---- Entries supplied

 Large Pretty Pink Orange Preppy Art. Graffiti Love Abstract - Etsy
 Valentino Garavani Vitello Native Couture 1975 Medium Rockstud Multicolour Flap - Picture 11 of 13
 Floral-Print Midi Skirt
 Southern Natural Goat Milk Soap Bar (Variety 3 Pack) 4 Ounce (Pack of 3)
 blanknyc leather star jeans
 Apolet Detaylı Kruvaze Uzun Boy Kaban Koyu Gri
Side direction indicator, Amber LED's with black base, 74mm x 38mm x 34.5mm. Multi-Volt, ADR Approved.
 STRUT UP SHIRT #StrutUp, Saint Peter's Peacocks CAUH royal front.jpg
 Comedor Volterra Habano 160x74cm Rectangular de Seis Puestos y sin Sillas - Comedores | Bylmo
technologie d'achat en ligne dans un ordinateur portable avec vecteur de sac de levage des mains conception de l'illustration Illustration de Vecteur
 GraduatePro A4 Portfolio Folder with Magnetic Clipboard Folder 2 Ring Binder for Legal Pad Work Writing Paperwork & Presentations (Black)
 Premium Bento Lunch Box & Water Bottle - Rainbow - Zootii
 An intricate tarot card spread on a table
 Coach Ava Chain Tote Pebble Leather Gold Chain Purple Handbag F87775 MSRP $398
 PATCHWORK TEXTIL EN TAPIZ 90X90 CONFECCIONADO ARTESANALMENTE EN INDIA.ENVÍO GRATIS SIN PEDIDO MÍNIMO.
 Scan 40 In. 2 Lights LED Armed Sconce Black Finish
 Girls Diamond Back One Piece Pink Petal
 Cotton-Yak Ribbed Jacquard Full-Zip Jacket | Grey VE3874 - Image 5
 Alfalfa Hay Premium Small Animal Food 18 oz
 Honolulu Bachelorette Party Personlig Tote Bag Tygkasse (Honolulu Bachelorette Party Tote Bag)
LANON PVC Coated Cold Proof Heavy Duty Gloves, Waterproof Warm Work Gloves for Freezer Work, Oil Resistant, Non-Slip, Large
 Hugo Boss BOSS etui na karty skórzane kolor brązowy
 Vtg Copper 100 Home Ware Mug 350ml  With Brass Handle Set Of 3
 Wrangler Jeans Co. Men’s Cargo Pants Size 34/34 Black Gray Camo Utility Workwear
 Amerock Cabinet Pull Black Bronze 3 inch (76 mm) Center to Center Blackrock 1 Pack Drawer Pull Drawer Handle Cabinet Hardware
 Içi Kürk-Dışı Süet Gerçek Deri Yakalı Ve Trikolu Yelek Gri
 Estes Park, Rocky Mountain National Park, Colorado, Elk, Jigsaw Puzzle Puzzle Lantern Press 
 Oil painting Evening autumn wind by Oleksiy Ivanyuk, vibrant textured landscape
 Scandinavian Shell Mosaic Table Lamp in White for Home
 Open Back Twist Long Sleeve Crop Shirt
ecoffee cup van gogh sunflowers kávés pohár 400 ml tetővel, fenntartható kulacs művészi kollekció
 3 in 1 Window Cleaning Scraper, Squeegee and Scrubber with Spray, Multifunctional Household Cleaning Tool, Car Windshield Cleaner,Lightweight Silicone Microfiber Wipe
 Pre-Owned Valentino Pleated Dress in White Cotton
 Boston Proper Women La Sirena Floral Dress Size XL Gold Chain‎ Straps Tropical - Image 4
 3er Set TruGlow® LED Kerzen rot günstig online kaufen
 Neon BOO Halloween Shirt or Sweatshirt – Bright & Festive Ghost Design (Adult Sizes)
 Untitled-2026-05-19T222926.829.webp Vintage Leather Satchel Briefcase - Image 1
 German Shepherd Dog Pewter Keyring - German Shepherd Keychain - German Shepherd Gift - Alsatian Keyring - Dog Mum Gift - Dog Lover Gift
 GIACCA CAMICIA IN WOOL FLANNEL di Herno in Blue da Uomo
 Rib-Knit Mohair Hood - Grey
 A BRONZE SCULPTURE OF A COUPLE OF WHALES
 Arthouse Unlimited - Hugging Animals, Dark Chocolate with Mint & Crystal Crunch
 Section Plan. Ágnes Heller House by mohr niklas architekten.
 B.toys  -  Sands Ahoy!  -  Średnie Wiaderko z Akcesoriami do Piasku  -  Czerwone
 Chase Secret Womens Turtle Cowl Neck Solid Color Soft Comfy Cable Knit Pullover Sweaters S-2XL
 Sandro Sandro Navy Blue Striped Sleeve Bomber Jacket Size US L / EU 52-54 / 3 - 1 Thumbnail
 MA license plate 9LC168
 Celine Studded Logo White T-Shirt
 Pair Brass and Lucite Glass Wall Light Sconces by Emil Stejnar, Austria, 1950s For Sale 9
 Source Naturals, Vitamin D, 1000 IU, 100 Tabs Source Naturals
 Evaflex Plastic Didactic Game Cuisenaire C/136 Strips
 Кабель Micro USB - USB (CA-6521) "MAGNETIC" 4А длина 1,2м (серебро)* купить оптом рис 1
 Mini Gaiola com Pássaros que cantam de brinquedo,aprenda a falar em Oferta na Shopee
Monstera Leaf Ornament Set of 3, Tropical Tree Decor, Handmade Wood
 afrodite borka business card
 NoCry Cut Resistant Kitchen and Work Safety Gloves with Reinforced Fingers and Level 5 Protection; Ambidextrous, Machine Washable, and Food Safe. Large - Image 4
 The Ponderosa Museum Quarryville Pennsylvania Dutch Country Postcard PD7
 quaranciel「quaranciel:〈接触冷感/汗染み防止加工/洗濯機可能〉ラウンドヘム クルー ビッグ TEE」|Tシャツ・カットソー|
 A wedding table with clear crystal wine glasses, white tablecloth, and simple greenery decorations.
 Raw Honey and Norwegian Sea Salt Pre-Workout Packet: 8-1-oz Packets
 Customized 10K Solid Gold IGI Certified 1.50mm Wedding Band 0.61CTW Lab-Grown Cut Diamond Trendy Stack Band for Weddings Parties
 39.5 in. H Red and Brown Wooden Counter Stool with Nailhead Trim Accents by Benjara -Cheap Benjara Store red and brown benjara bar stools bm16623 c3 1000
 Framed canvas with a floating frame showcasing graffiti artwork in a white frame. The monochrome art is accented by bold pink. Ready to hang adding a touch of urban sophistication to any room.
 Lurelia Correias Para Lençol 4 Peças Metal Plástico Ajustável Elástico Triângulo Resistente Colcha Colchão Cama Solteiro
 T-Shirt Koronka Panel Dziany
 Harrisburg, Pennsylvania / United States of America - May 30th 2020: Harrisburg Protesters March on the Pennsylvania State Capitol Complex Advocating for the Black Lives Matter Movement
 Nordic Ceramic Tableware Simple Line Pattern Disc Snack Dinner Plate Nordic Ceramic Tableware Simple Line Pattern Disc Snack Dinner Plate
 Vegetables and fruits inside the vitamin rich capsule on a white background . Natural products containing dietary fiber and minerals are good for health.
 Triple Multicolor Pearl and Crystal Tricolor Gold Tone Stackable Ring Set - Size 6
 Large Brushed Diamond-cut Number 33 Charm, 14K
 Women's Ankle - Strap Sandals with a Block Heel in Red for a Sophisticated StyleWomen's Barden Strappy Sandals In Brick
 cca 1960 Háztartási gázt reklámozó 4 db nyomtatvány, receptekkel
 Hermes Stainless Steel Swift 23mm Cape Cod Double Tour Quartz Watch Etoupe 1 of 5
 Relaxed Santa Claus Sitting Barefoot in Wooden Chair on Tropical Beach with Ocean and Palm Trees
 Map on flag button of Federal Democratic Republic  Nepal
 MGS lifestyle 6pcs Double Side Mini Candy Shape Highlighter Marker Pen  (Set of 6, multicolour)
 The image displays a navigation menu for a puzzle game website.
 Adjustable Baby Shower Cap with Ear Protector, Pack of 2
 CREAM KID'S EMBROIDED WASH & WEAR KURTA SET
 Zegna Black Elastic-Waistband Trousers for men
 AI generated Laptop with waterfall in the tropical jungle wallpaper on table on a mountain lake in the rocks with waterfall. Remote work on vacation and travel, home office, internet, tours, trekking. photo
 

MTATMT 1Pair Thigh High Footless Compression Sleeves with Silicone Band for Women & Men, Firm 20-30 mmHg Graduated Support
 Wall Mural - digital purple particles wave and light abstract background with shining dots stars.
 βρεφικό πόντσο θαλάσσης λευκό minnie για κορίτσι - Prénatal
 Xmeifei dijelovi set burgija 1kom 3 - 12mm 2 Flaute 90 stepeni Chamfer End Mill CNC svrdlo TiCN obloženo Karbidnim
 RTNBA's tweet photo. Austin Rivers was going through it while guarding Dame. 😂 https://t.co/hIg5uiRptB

--------

**Exercise prompt:**
Collect every line above that contains the word "Mini".

**Your response:**
 Mini Gaiola com Pássaros que cantam de brinquedo,aprenda a falar em Oferta na Shopee
 MGS lifestyle 6pcs Double Side Mini Candy Shape Highlighter Marker Pen  (Set of 6, multicolour)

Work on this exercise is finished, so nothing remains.